> [SUPPLIED INFORMATION]:
=== Begin Enclosure ===
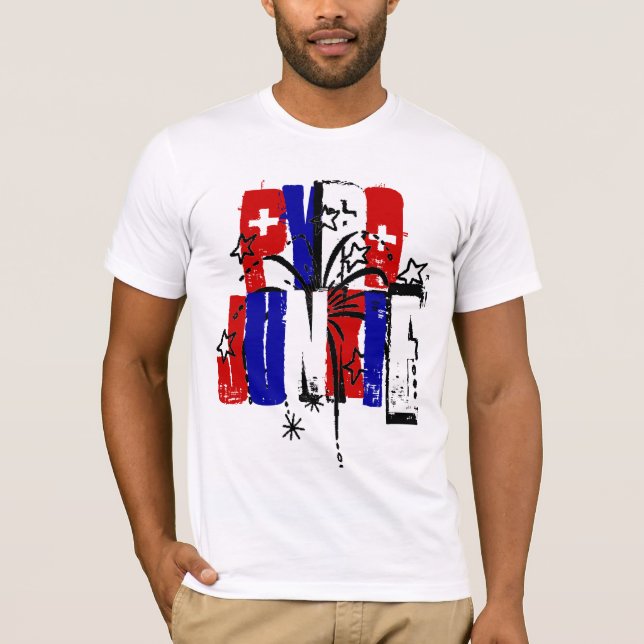 T-shirt Pyro Junkie (Devant)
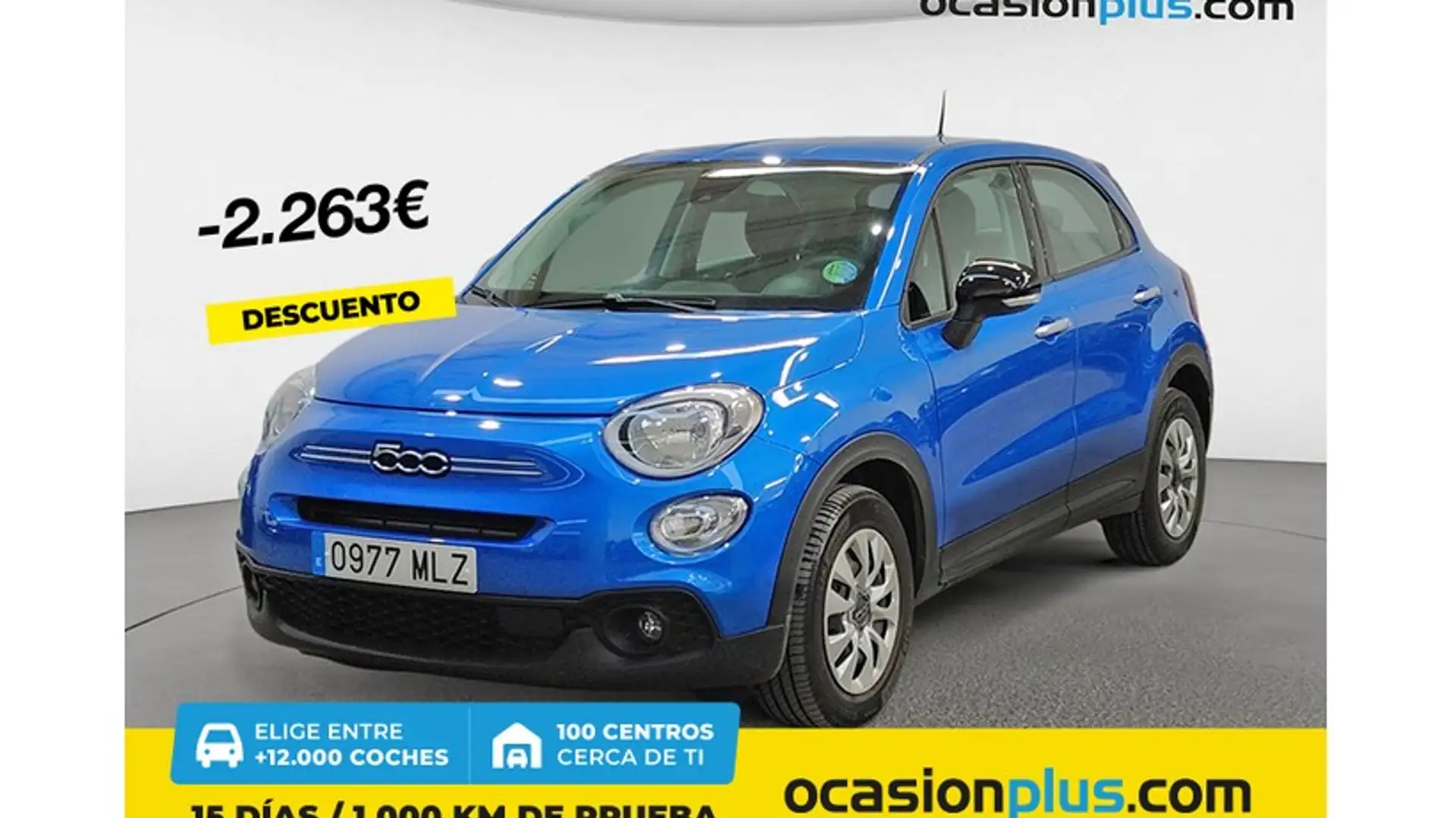 Fiat 500X 1.5 Hybrid Dolcevita SS DDCT Azul - 1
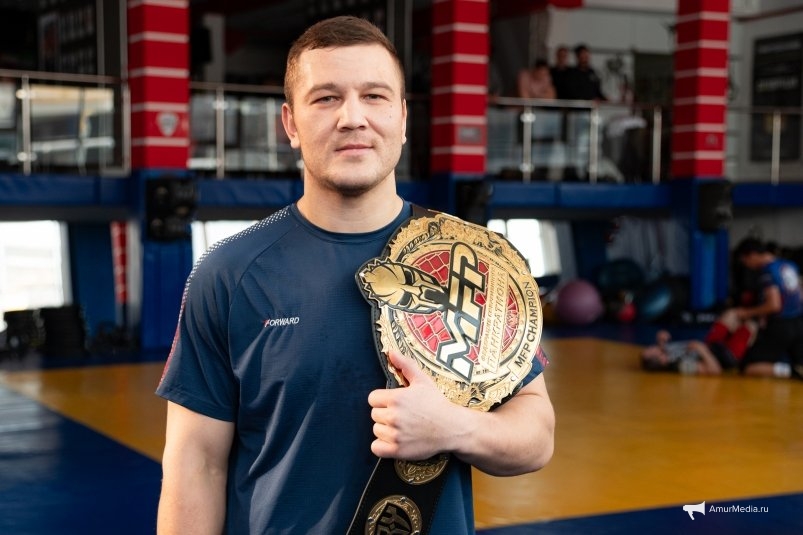 Иван Знаменский: Мне нужна эта победа Евдокия Сорокина, ИА AmurMedia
=== End Enclosure ===
> [TASK DIRECTIONS]: Would you give the material back exactly, minus the pictures?

> [RESPONSE]:
 T-shirt Pyro Junkie (Devant)
 Fiat 500X 1.5 Hybrid Dolcevita SS DDCT Azul - 1
 Иван Знаменский: Мне нужна эта победа Евдокия Сорокина, ИА AmurMedia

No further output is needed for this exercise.